Reading Silvio A. Zavala’s (1935) monumental work on
Spanish Encomienda, La encomienda Indiana,
I found a passage that captured particularly my attention. It dealt with
the problem Spanish Crown officials faced when taxing the natives entrusted to Spanish grantees in the
Philippines, the so called encomenderos at
the beginning of the 17th century. The
questions the Spanish monarchy and its officials were asking at that time were:
How do we tax Philippine natives? Do we tax them by collecting the fees in
goods or by collecting actual money, that is, gold and silver?
This is the passage that intrigued me, as it reflected
the many contradictions of early forms of capitalism:
The
royal decree of 16 February of 1602 commanded the governor of the Philippines,
Don Pedro de Acuña,
to oversee if, as the prosecutor of the Audience informs, the tax of eight
reales that the Indians pay now in goods by their own choice is inconvenient.
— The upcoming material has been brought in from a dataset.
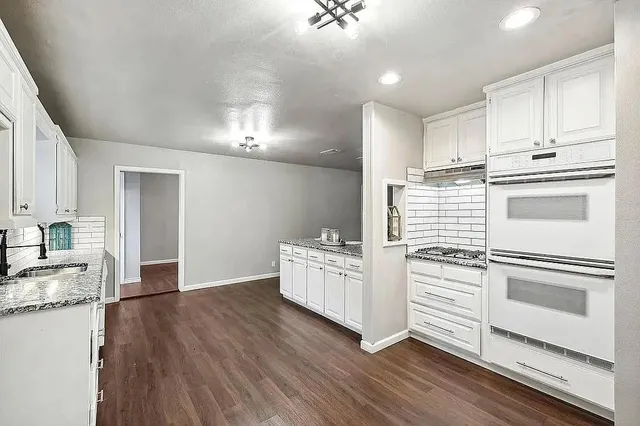 a kitchen with white cabinets and stainless steel appliances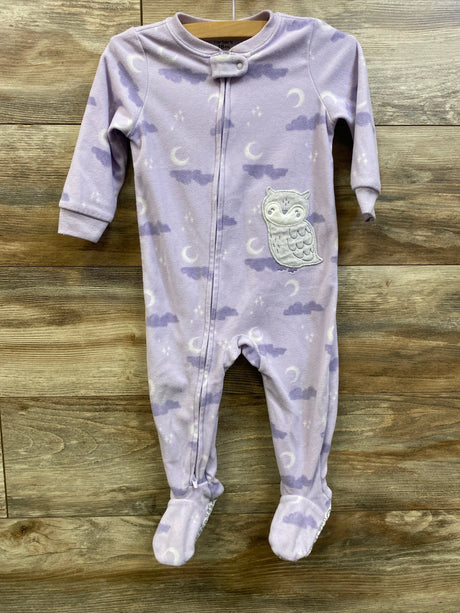 Front view of Carter’s purple blanket sleeper showcasing full-length zipper, footed legs, and owl detail with a wood background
The prosecutor held the view that before, by demanding to pay their taxes in
goods, they produced them; now they buy the cloaks from the
Chinese and do not weave them, and they do not mine gold. The King mandates
that the most appropriate order be given to charge the fees. (Zavala, 1935, pp.
773-774)
These contradictions could be expressed nowadays by
competing forms of economic development. On the one hand, we have economies
that encourage the making of a fast buck, such as those of developing countries
that encourage free trade, open up their domestic markets and engage in the
retailing of products manufactured abroad, including China. The way to finance
the consumption of foreign goods is by selling no manufacture-intensive
commodities, that is, raw material. Because the economy is not labour intensive
and the production processes are simple, the entrepreneurs and the workforce
remain unsophisticated. On the other hand, we have economies that are not that
radical in the defence of open markets, at least they are not keen on opening
up their domestic markets, and prefer to manufacture goods locally. This kind
of system requires massive amounts of capital and may create the true capitalist
entrepreneur, the industrialist and the proletariat.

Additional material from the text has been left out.